Journalism on Egypt and from Egypt is being squeezed, but there are some outlets that you can turn to for original reporting that pushes the limits - as well as both government and Muslim Brotherhood outlets giving their version of events.

Established in early 2014, Sasa Post - meaning Politician or Politico - is an online Arabic language website that aims to reflect opinion from the Egyptian streets and to challenge traditional narratives. Their most critical work has been on the Egyptian army, and the recent Suez Canal expansion. Registered in Arizona through a proxy company, the outlet has made sure its base cannot be located.

Egypt-based Al Bedaiah is an online Arabic newspaper. Its main focus tends to be reporting on political prisoners in Egypt.

Then there's Mada Masr and Arabist.net - both Cairo-based. Mada Masr is a news website written in English and Arabic, and attempts to tell the Egyptian story through journalistic practices that mainstream organizations have largely abandoned.
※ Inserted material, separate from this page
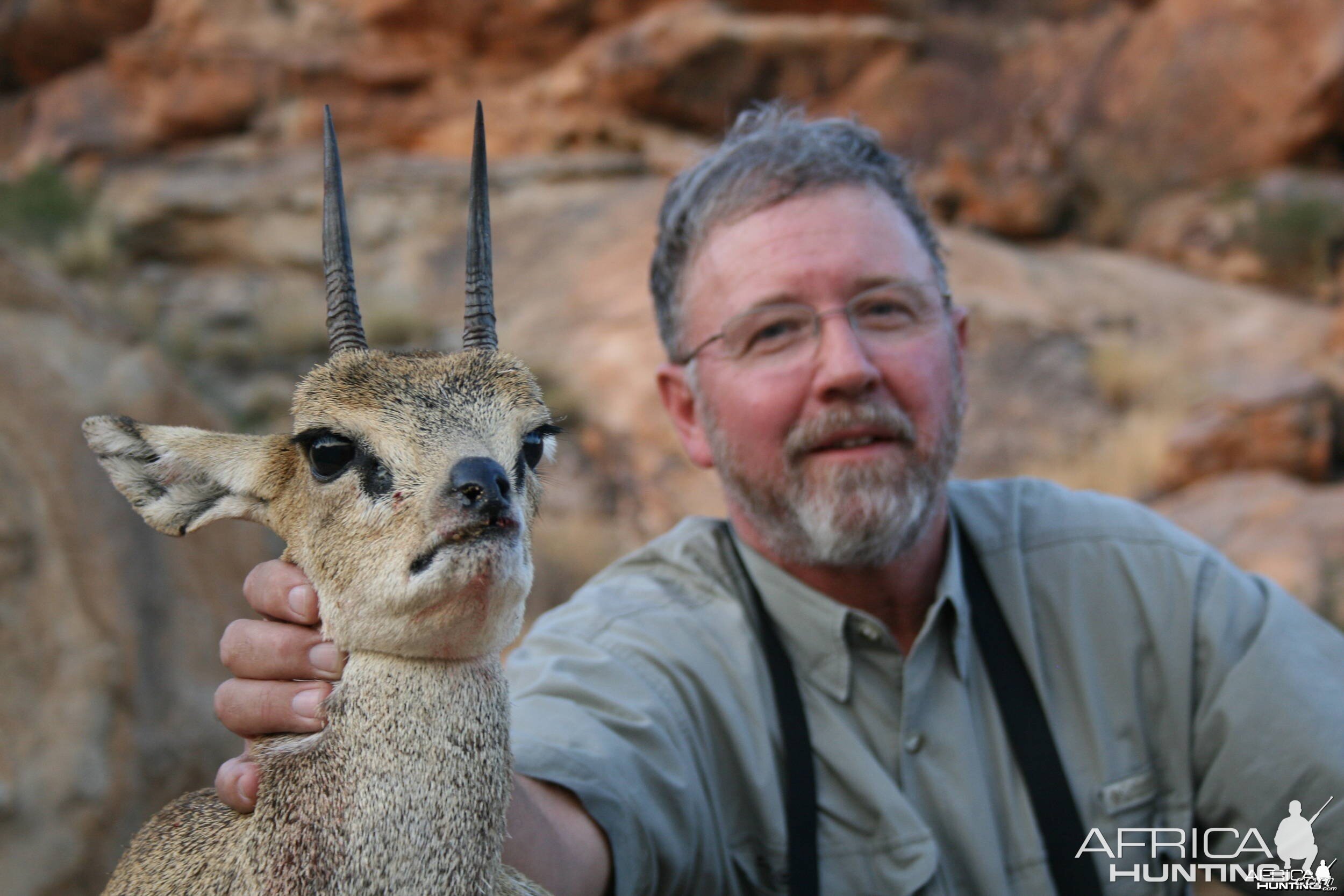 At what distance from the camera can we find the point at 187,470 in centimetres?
211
Arabist.net - also in English, provides in-depth analysis on the politics of Egypt and the Middle East that is not seen in other Egyptian media outlets.
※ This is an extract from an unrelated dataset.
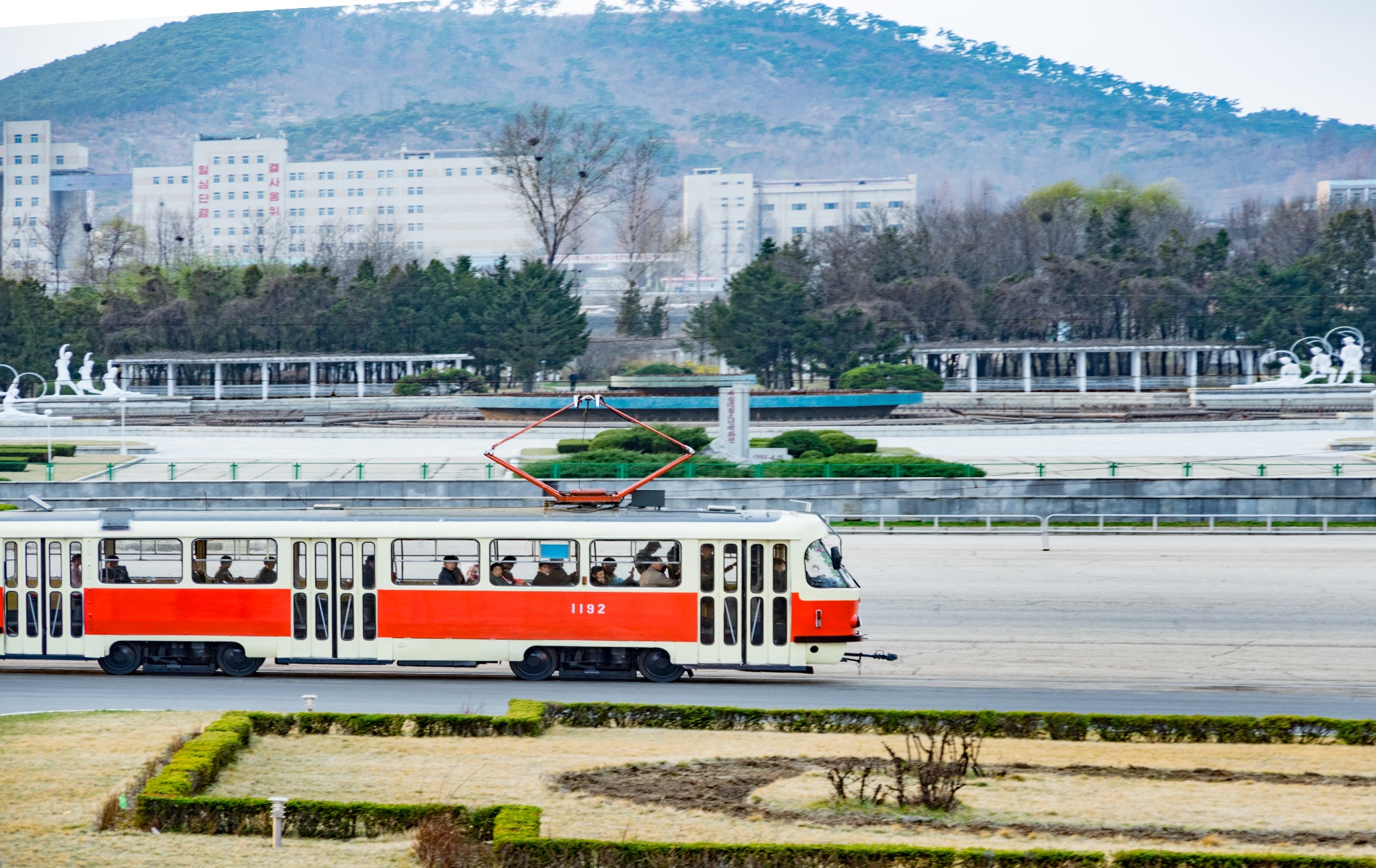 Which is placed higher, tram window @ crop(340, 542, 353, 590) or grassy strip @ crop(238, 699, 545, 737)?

Then there are the sites being launched from outside of Egypt affiliated to the Muslim Brotherhood, the banned political party declared a "terrorist organisation" by the Sisi government and whose leader, Mohammed Morsi, is facing a death sentence.
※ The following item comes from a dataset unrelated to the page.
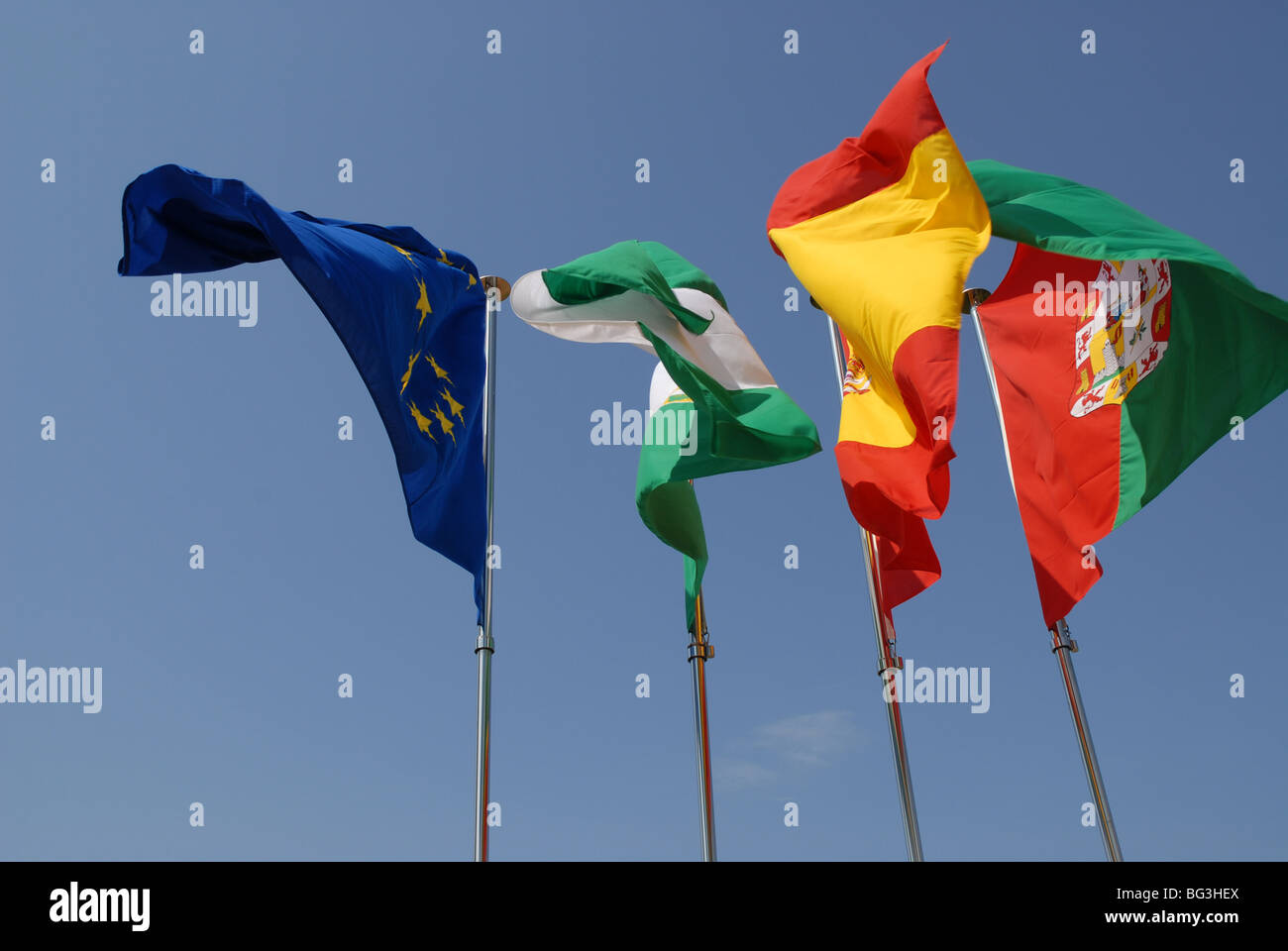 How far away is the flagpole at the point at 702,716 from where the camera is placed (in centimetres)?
1224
Media outlets like online news portal Rassd and Satellite channel Mekameleen operate out of Turkey. They are partisan - representing the anti-Sisi narrative. In February Mekemeleen leaked secret recordings that appeared to show Egyptian officials fabricating evidence prior to the Morsi trial.

The Egyptian government is also online, pushing its narrative. This past week, 'Egypt Connects' - a new government blog was launched in English. The site aims to quote "enhance Egypt's communication with the world" and to address "inaccurate" reports about the country in international media. Foreign Minister Sehmah Shoukry said the blog gives officials, diplomats and thinkers an opportunity to exchange views.